**Brief**
Transcribe every line of the material below without change, apart from dropping the pictures.
━━ Data provided ━━
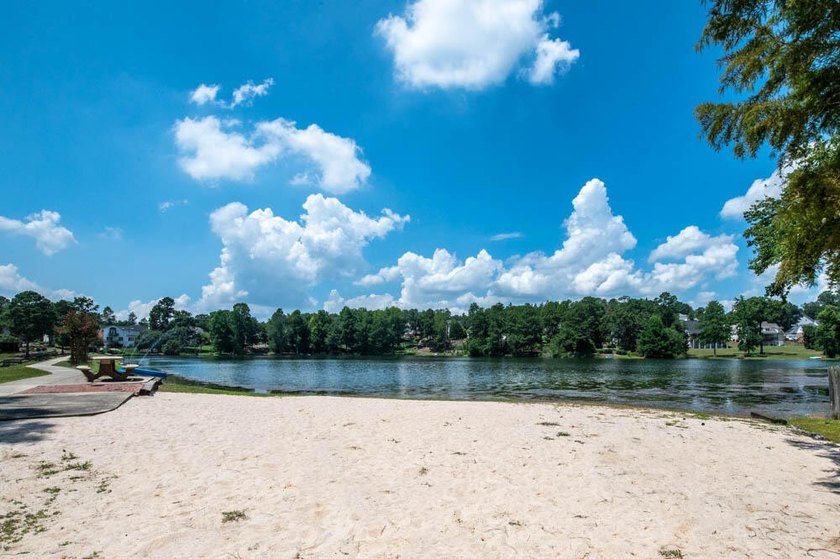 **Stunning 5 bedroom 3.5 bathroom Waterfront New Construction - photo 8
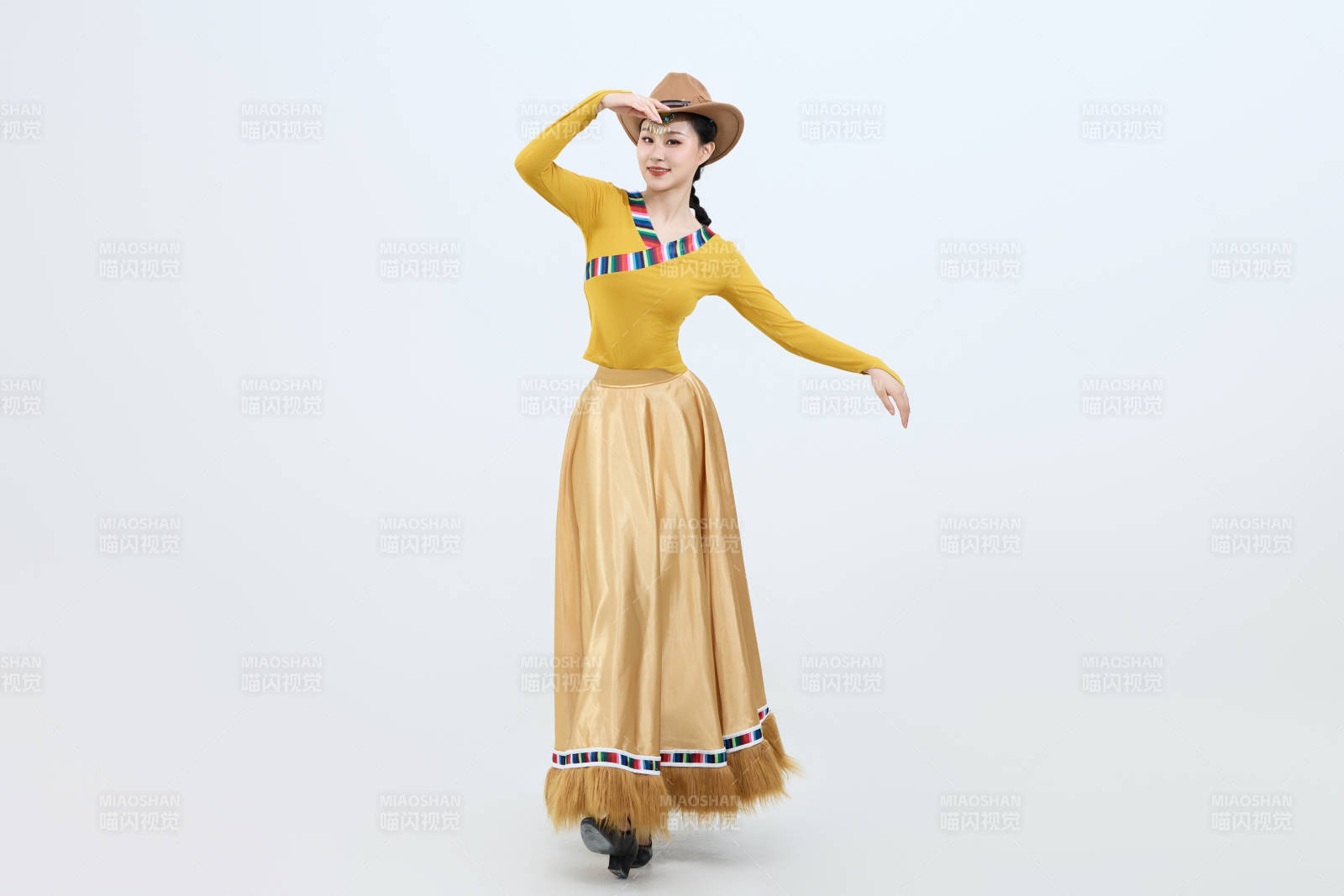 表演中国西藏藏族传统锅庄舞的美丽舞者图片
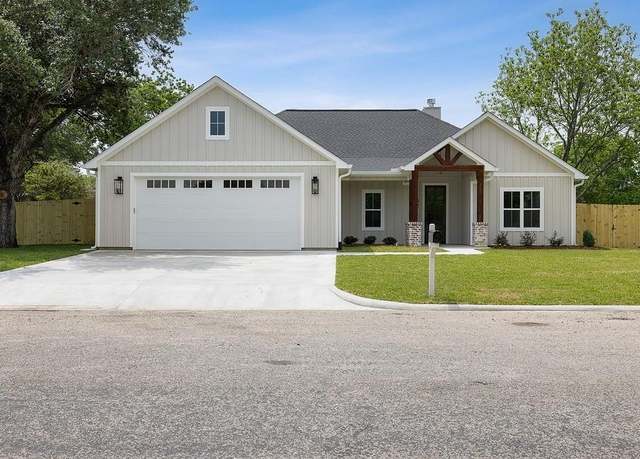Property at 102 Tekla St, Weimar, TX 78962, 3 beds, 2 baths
━━━
**Your response**
 **Stunning 5 bedroom 3.5 bathroom Waterfront New Construction - photo 8
 表演中国西藏藏族传统锅庄舞的美丽舞者图片
Property at 102 Tekla St, Weimar, TX 78962, 3 beds, 2 baths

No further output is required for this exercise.